A system was developed that uses radio-frequency identification (RFID) tags to help robots target moving objects with unprecedented speed and accuracy. The system could enable greater collaboration and precision by robots working on packaging and assembly, and by swarms of drones carrying out search-and-rescue missions. Robots using the system can locate tagged objects within 7.5 milliseconds, on average, and with an error of less than a centimeter.
In the TurboTrack system, an RFID tag can be applied to any object. A reader sends a wireless signal that reflects off the RFID tag and other nearby objects and rebounds to the reader. An algorithm sifts through all the reflected signals to find the RFID tag’s response. Final computations then leverage the RFID tag’s movement — even though this usually decreases precision — to improve its localization accuracy.
The system could replace computer vision for some robotic tasks. As with its human counterpart, computer vision is limited by what it can see and it can fail to notice objects in cluttered environments. Radio frequency signals have no such restrictions — they can identify targets without visualization, within clutter, and through walls.
To validate the system, the researchers attached one RFID tag to a cap and another to a bottle. A robotic arm located the cap and placed it onto the bottle, which was held by another robotic arm. In another demonstration, the researchers tracked RFID-equipped nanodrones during docking, maneuvering, and flying. In both tasks, the system was as accurate and fast as traditional computer vision systems, while working in scenarios where computer vision fails.
The system combines a standard RFID reader with a “helper” component that localizes radio frequency signals. The helper shoots out a wideband signal comprising multiple frequencies, building on a modulation scheme used in wireless communication called orthogonal frequency-division multiplexing. The system captures all the signals rebounding off objects in the environment, including the RFID tag. One of those signals carries a signal that’s specific to the specific RFID tag, because RFID signals reflect and absorb an incoming signal in a certain pattern, corresponding to bits of 0s and 1s, that the system can recognize. Because these signals travel at the speed of light, the system can compute a “time of flight” — measuring distance by calculating the time it takes a signal to travel between a transmitter and receiver — to gauge the location of the tag, as well as the other objects in the environment.
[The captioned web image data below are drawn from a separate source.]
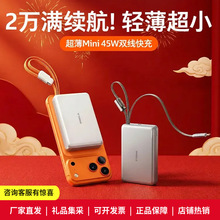 �D��˹20000�����Ԏ��p��С녌�2026�¿�45W��늌�3C�J�C�����w�C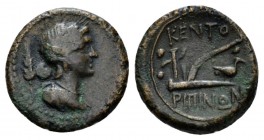 Sicily, Centuripae Hexas circa 211-200, Æ 17mm., 3.33g. Draped bust of Persephon r.; behind stalk of grain. Rev. KENTO-PIΠINΩN Plow and bird r.; behin...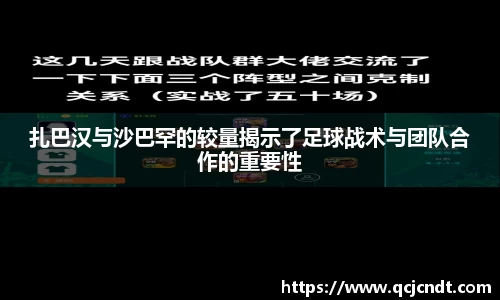 扎巴汉与沙巴罕的较量揭示了足球战术与团队合作的重要性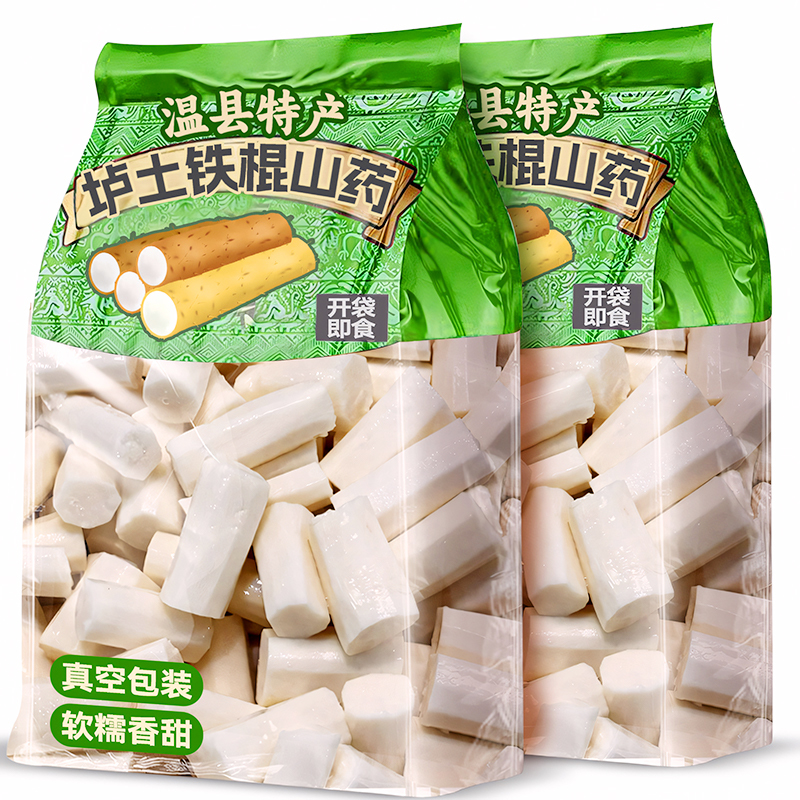 【共250g*4包】即食温县铁棍山药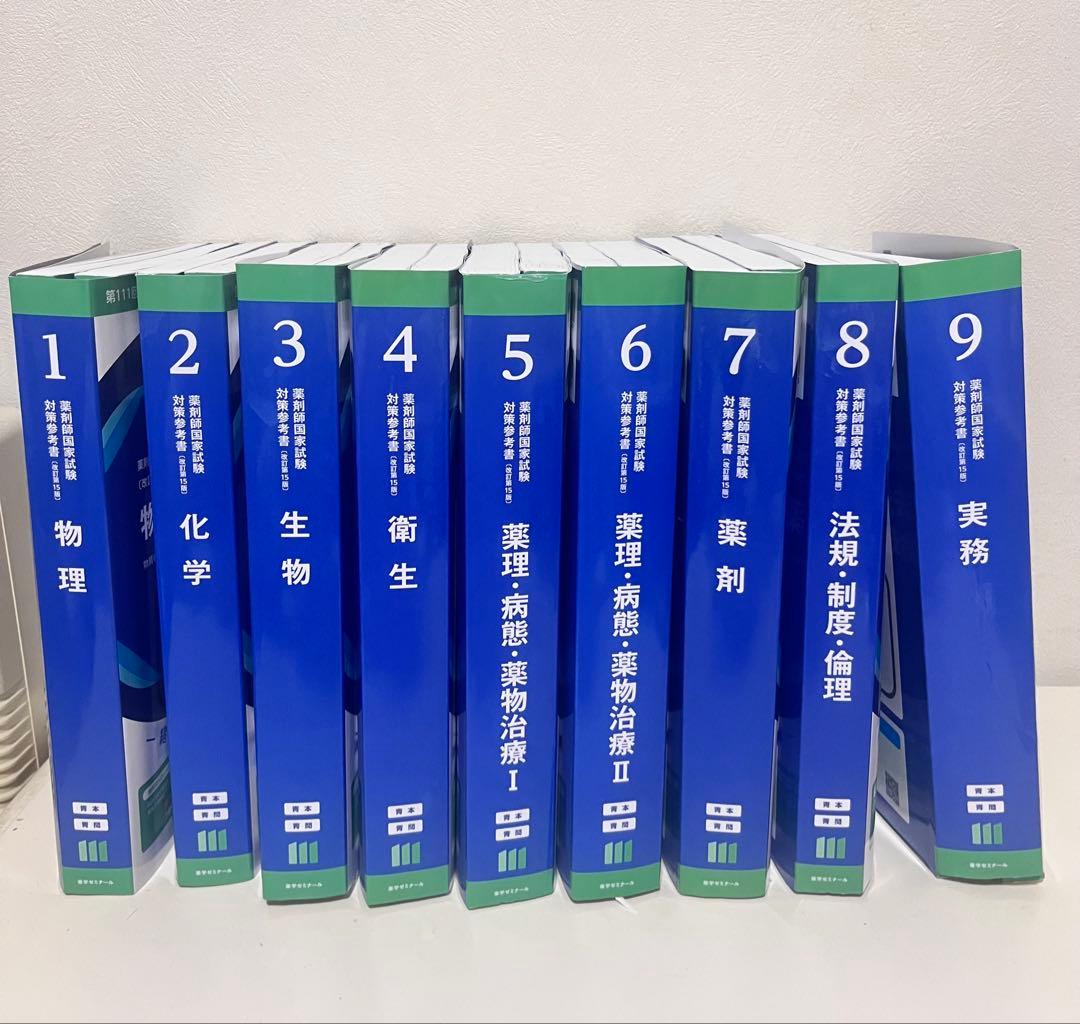 薬剤師国家試験対策参考書 青本・青問全巻セット - メルカリ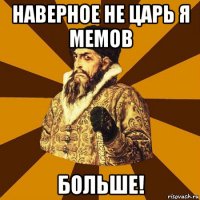 наверное не царь я мемов больше!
To zoom in on the tag’s location, the researchers developed a “space-time super-resolution” algorithm that combines the location estimations for all rebounding signals, including the RFID signal, which it determined using time-of-flight. Using some probability calculations, it narrows down that group to a handful of potential locations for the RFID tag.
As the tag moves, its signal angle slightly alters — a change that also corresponds to a certain location. The algorithm then can use that angle change to track the tag’s distance as it moves. By constantly comparing that changing distance measurement to all other distance measurements from other signals, it can find the tag in a three-dimensional space. This all happens in a fraction of a second.